I have run the script listDProcessesNativeStacks.sh and shared the data with CloudBees Support.
What is this and how does it help us understand what is causing the hanging of my master?
- Linux environment
- CloudBees Core
- CloudBees Core on modern cloud platforms - Managed Master
- CloudBees Core on modern cloud platforms - Operations Center
- CloudBees Core on traditional platforms - Client Master
- CloudBees Core on traditional platforms - Operations Center
- CloudBees Jenkins Enterprise
- CloudBees Jenkins Enterprise - Managed Master
- CloudBees Jenkins Enterprise - Operations Center
- CloudBees Jenkins Team
- CloudBees Jenkins Platform - Client Master
- CloudBees Jenkins Platform - Operations Center
- Jenkins LTS
The script listDProcessesNativeStacks.sh uses a combination of
cat to identify processes in a D state
and dump their native stack.
It will usually be used in combination with the output of jenkinshangWithJstack.sh to help us identify what
exactly the native thread of a process is doing.
What is a D state process
It is a process that is in an uninterruptible sleep. Usually this means that the process is waiting on I/O.
What does this script bring to jenkinshangWithJstack
With the jenkinshangWithJstack.sh script, we only have a java view of the stack.

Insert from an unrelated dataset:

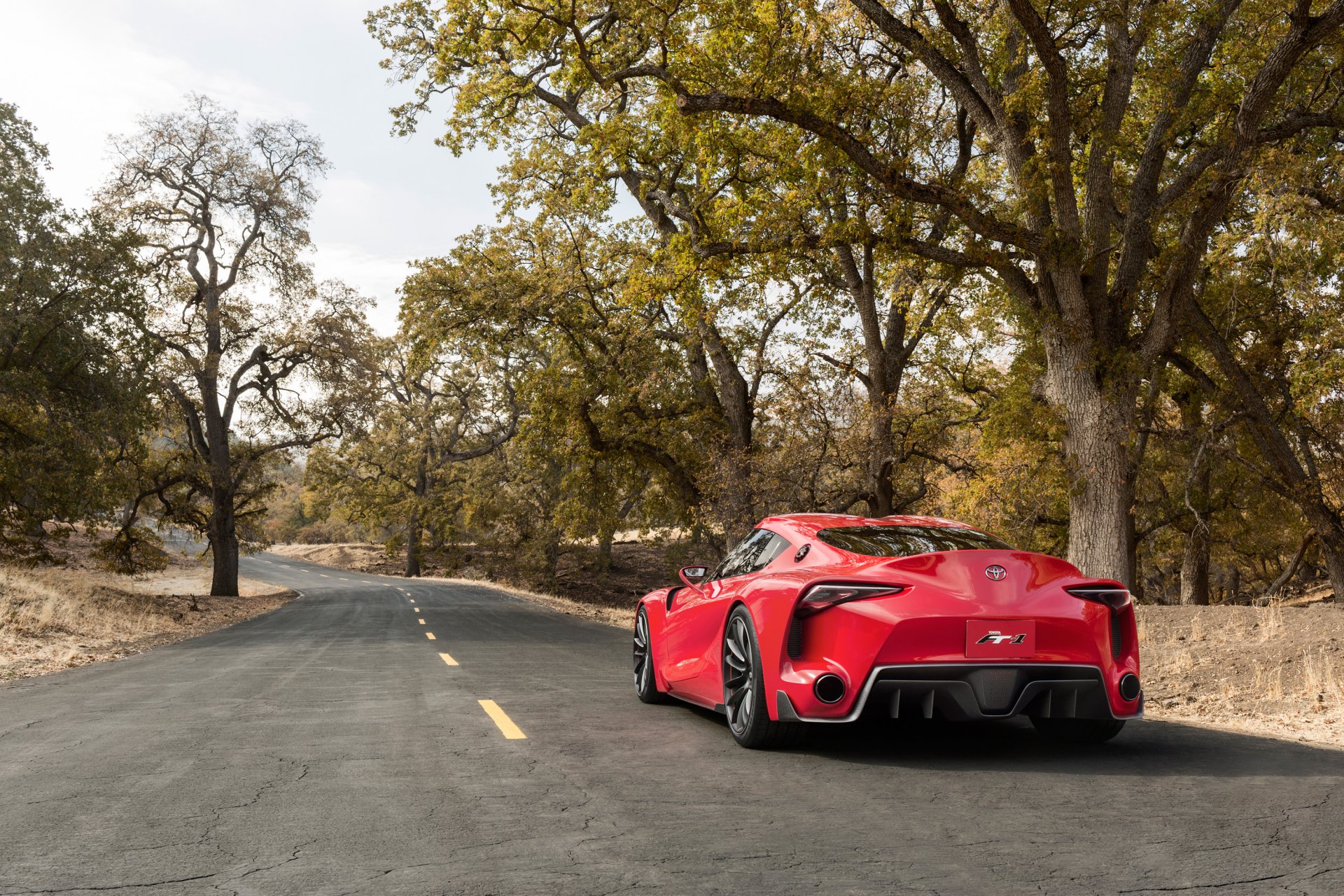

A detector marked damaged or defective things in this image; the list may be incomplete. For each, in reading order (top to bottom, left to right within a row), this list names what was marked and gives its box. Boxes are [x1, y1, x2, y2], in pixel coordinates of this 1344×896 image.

It means that we are missing
what is happening at OS level. For instance, in the following stack we can only infer that the JVM is trying to write
something, but we have no idea what is happening at a lower level:
"Executor #-1 for master : executing myJob #11" Id=1305944 Group=main RUNNABLE (in native) at sun.nio.ch.FileDispatcherImpl.pwrite0(Native Method) at sun.nio.ch.FileDispatcherImpl.pwrite(FileDispatcherImpl.java:66) at sun.nio.ch.IOUtil.writeFromNativeBuffer(IOUtil.java:89) at sun.nio.ch.IOUtil.write(IOUtil.java:51)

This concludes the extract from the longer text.